● **The data**
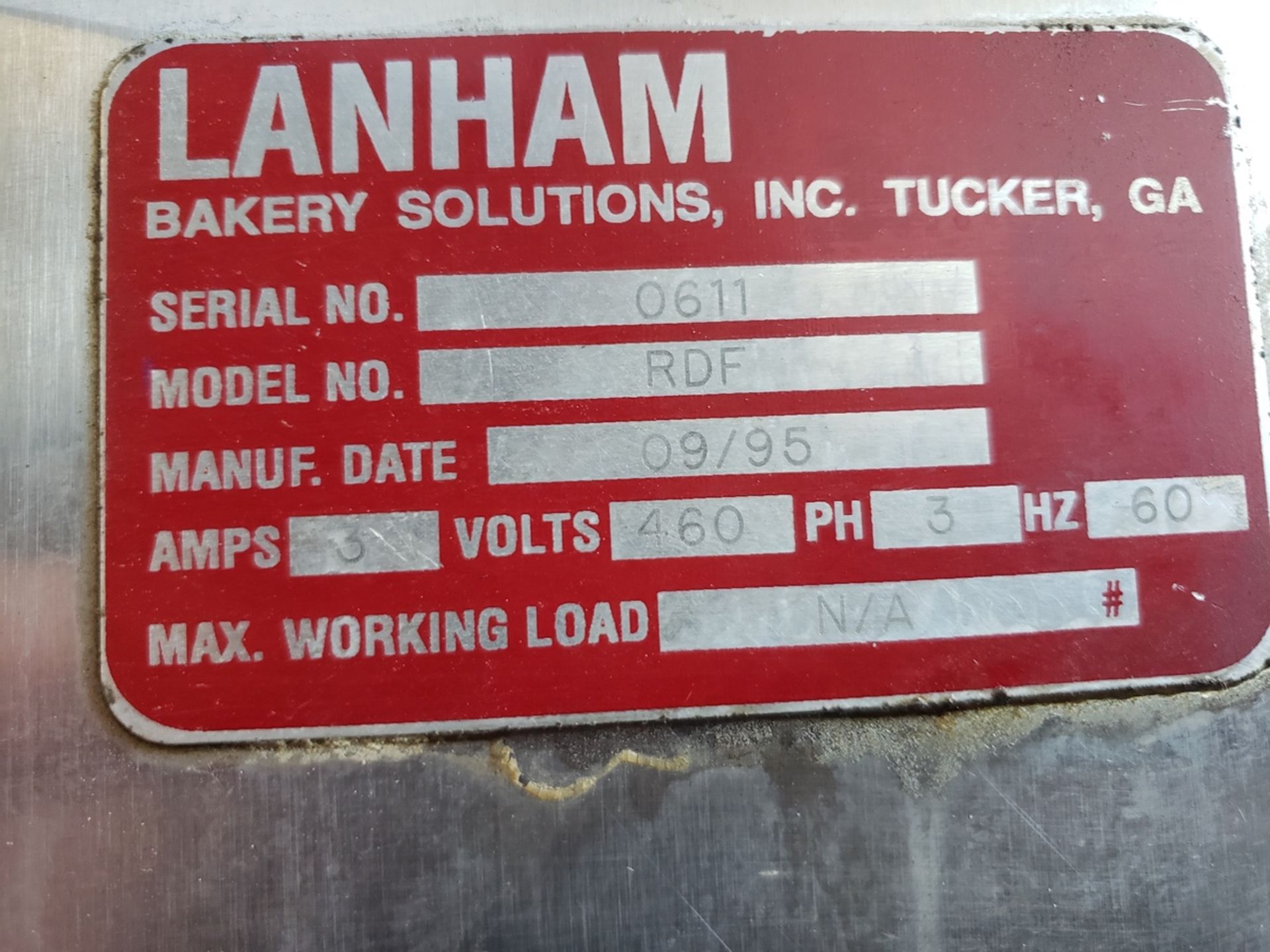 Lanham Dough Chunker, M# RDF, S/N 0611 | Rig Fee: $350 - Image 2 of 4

* * *

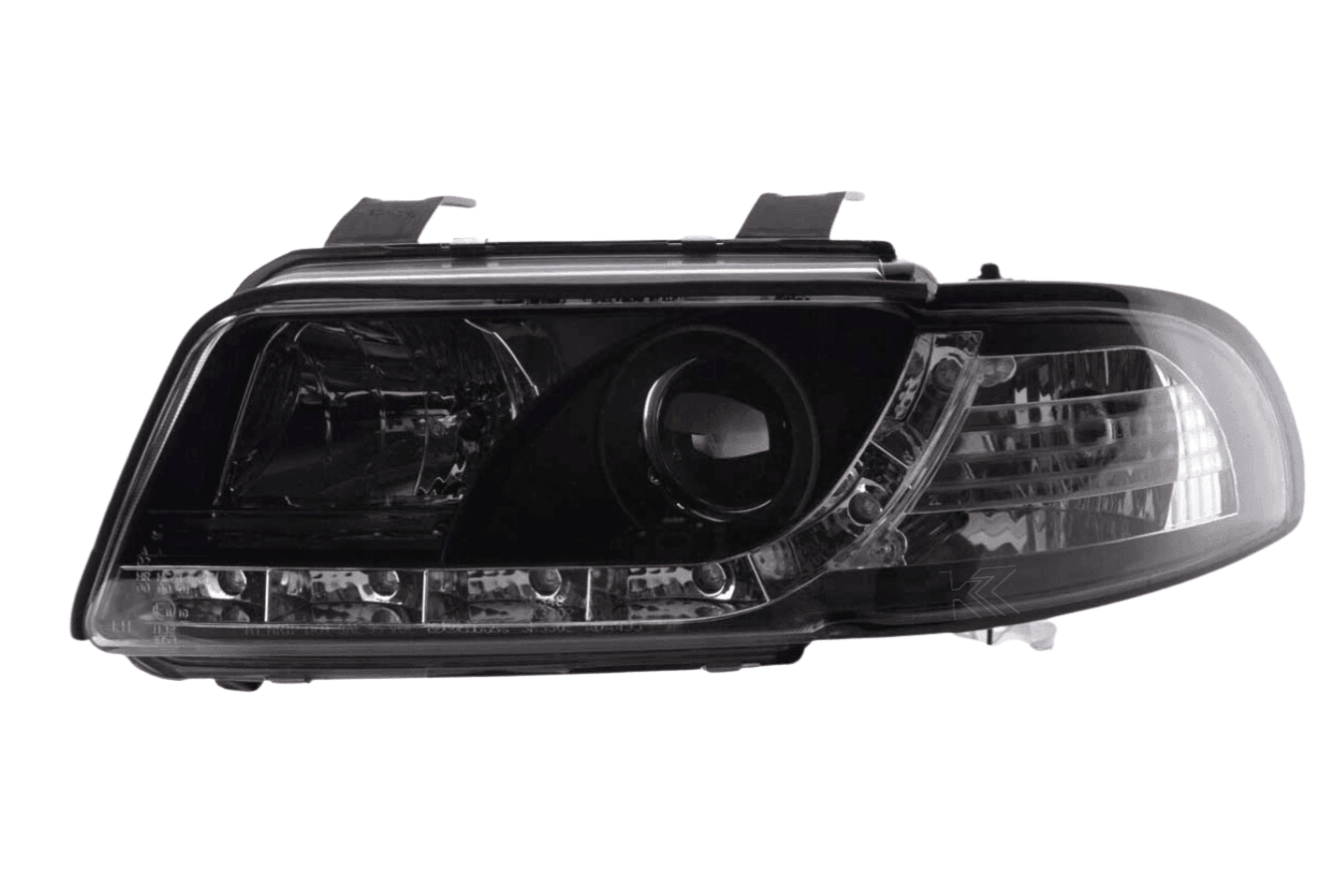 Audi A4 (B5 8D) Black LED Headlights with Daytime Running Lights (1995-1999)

...

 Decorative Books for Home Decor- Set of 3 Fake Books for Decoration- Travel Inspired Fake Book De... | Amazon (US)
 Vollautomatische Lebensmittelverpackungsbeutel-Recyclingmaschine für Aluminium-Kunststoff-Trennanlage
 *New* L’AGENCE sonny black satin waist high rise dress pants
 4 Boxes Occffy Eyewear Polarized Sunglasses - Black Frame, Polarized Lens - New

● **Task to carry out**
All lines in the listing above from the line containing "Decorative Books for" to the line containing "4 Boxes Occffy", inclusive, should be retyped exactly; no other lines should appear.

● **Exercise response**
 Decorative Books for Home Decor- Set of 3 Fake Books for Decoration- Travel Inspired Fake Book De... | Amazon (US)
 Vollautomatische Lebensmittelverpackungsbeutel-Recyclingmaschine für Aluminium-Kunststoff-Trennanlage
 *New* L’AGENCE sonny black satin waist high rise dress pants
 4 Boxes Occffy Eyewear Polarized Sunglasses - Black Frame, Polarized Lens - New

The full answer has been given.